Wolfsonian-FIU ‘Modern Meals’ exhibition to open at the Frost Art Museum Oct. 12


Poster, "Corn." The Food of the Nation, 1918. Designed by Lloyd Harrison (dates unknown). Published by the United States Food Administration. Commercial color lithograph. The Wolfsonian-FIU, Miami Beach, Fla. Gift of Henry S. Hacker.

Beginning Oct. 12 at the Frost Art Museum at Modesto A. Maidique Campus,  The Wolfsonian-FIU will present “Modern Meals: Remaking American Foods from Farm to Kitchen,” an exhibition that explores how technology and design remade the places where food was produced, sold, cooked and eaten from the turn of the century into the post-1945 period.

The exhibition, which is free and open to the public, will be on view in the museum’s Wolfsonian Teaching Gallery through the fall semester. The Oct. 12 opening will be marked in conjunction with the Frost’s Target Wednesday After Hours program.

More than a century ago, people in the United States began eating foods that, instead of being grown and prepared at home or nearby, were mass-produced and distributed on national and global scales. Images and artifacts from the Wolfsonian-FIU’s collection illustrate the movement of food, from the field to the factory to the supermarket and kitchen table, in order to explore how modern technology, design and business practices created new meanings for food and eating in this era.

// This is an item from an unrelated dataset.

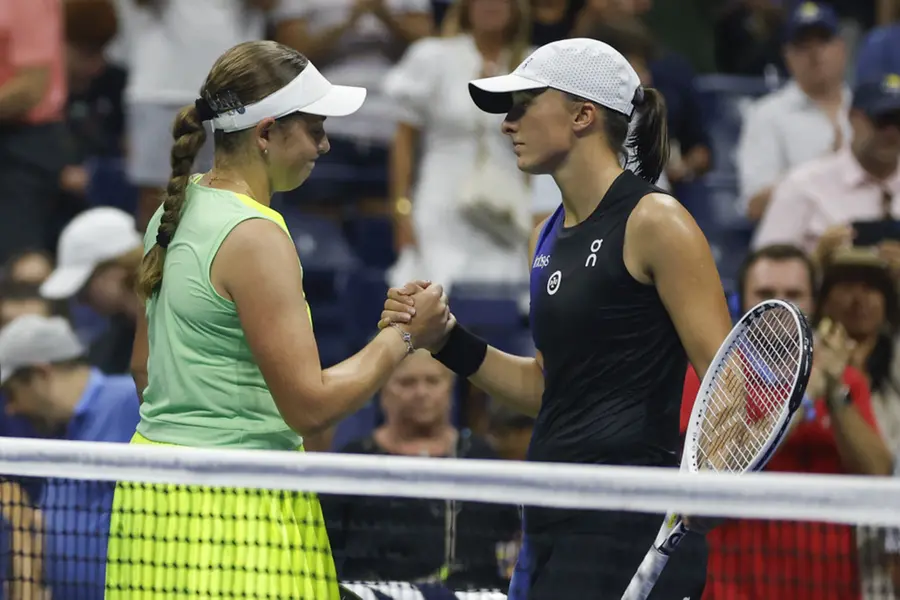 US Open: Ostapenko ends Swiatek's title defense, sets quarterfinal clash with Gauff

For this project, the Wolfsonian collaborated with FIU Department of History professor April Merleaux, who will teach a course that addresses the history of food in the United States.

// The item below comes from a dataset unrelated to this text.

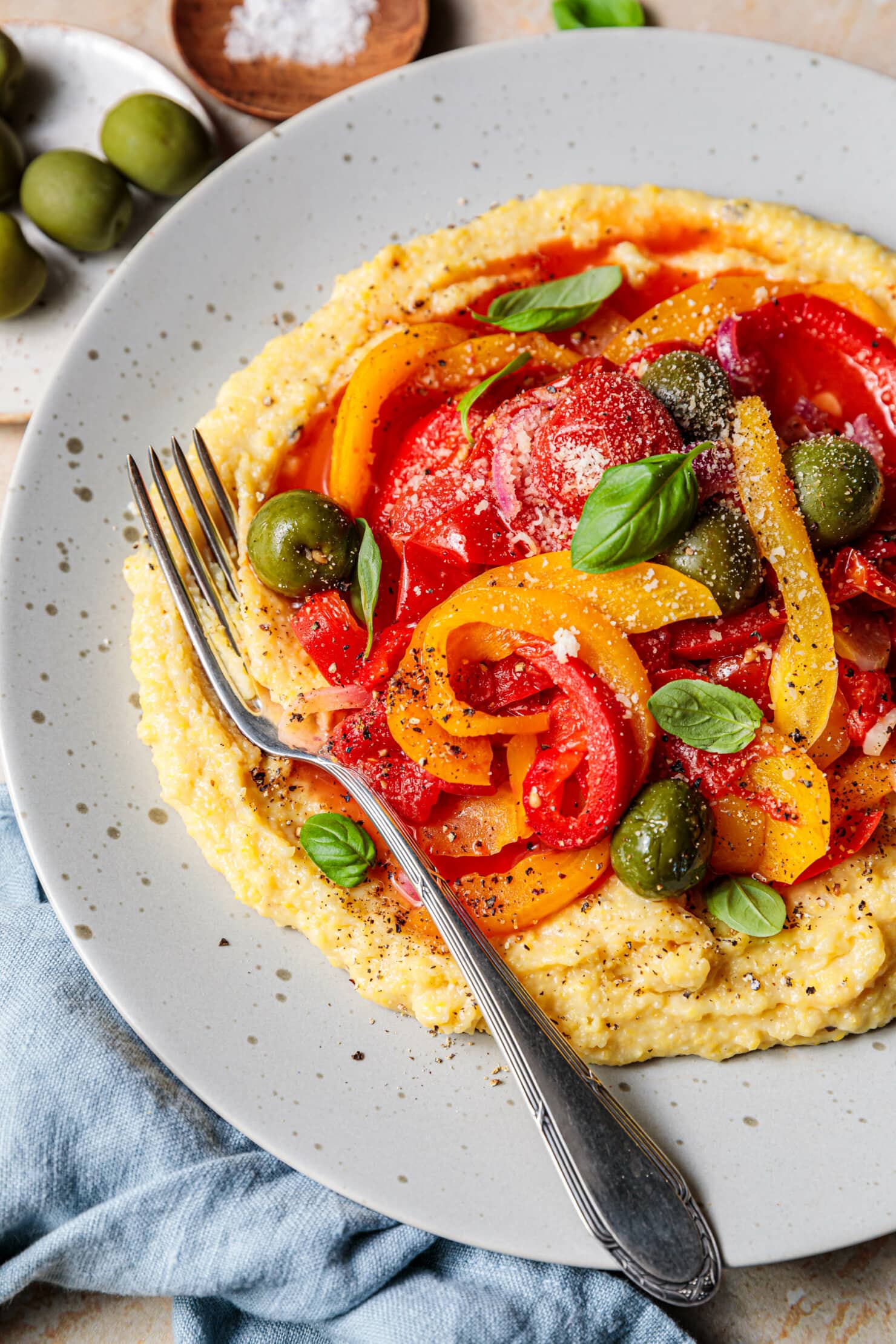 Peperonata mit Oliven und Ofen-Polenta · Eat this!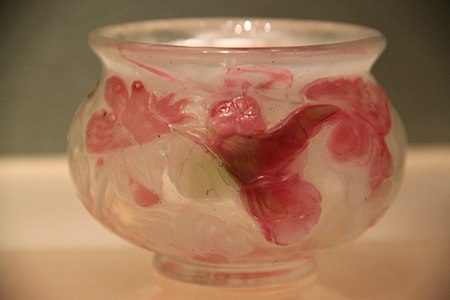 Begonia Rose cup by Émile Gallé (1894). Glass marquetry and engraving, overlays applied to surface.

“There’s been growing interest in local foods and questions of nutrition, health and sustainability over the last decade,” she said. “What people may not realize is that our current system for producing, buying and eating food has roots that stretch back for more than a century. It turns out that the period covered by Wolfsonian collections coincides with one of the most important moments in the development of modern, mass-marketed food.”

The more than three dozen items on display will include posters, print, and advertisements, as well as objects such as toasters, cookware and tableware, all of which invite visitors to consider how commercialization has shaped modern American foodways. These objects reveal how the values of industrial efficiency and design shaped the landscapes and intimate spaces of food production and consumption, but also how – even amidst these changes – American culture continued to idealize generations-old practices in the fields and the home.

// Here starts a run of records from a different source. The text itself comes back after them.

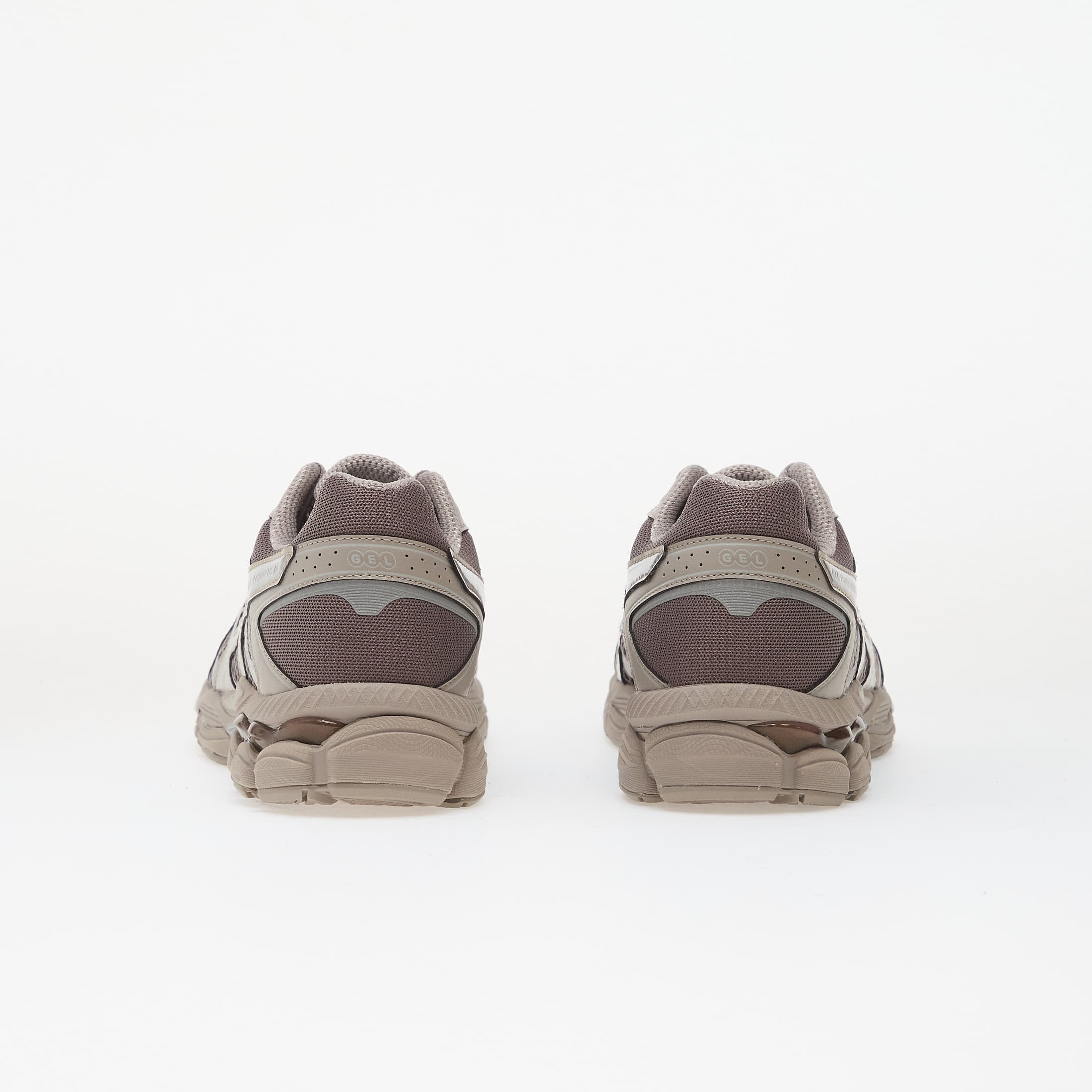 Asics Сникърси Gel-Cumulus 16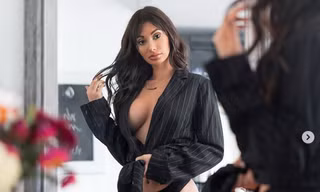 Mỹ nhân ‘Too Hot to Handle’ phô vòng một căng đầy với mốt ‘không nội y’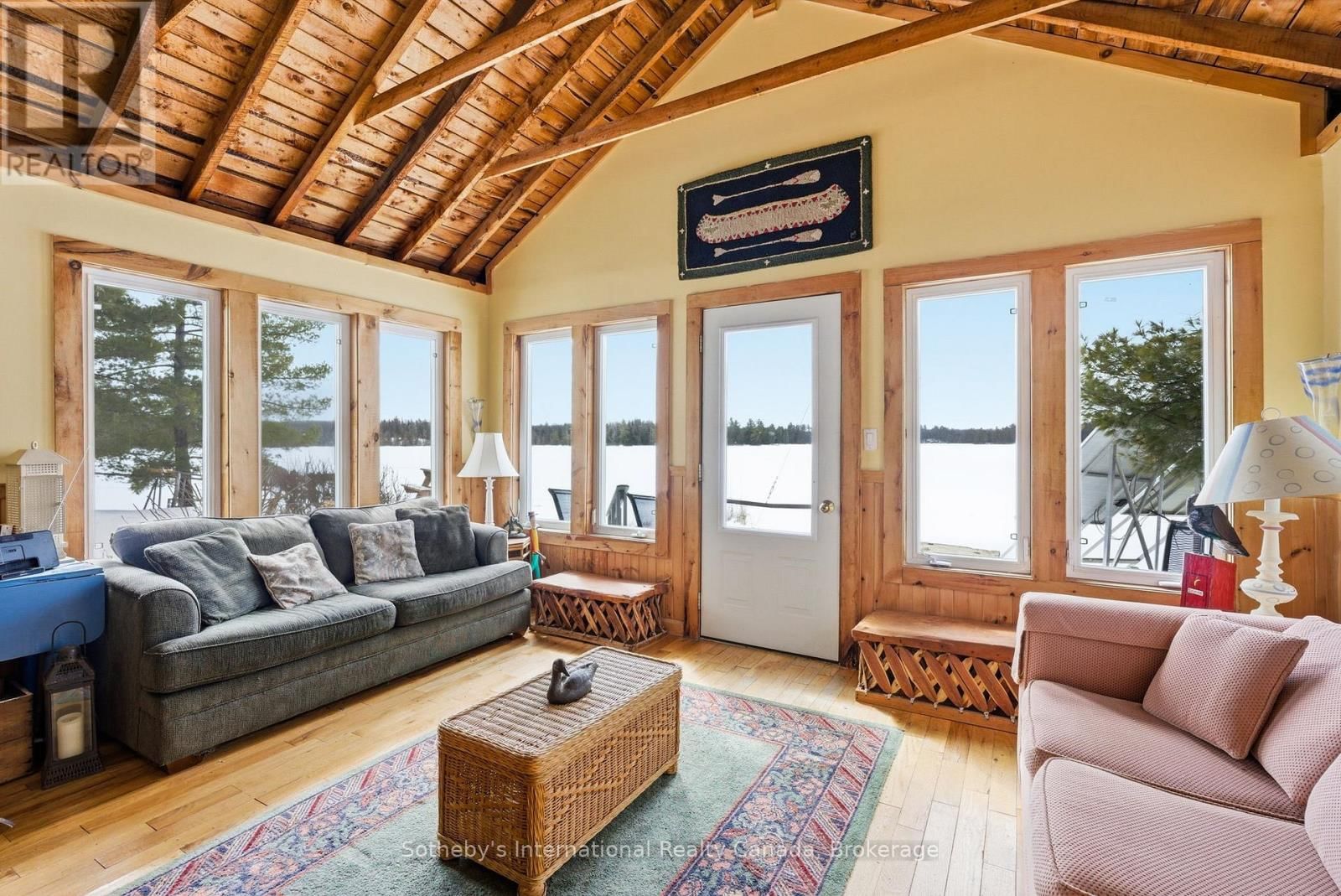 3301B AXE LAKE ROAD Image 24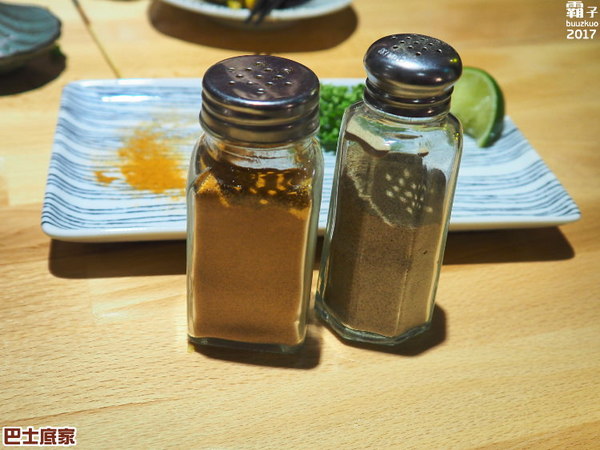 巴士底家:巴士底家,逢甲新開主題酒場,整台巴士氣派登場~ 巴士底家:巴士底家,逢甲新開主題酒場,整台巴士氣派登場~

Modern Meals” is the fourth exhibition presented by The Wolfsonian-FIU with the Frost’s collaboration and co-curated by Jonathan Mogul, the Mellon coordinator of Academic Programs at the Wolfsonian. Supported with funding from the Andrew W. Mellon Foundation, the Wolfsonian Teaching Gallery provides an opportunity for FIU faculty members to work with museum staff in developing exhibitions from the Wolfsonian collection that serve as resources for teaching and learning, and advance scholarly research.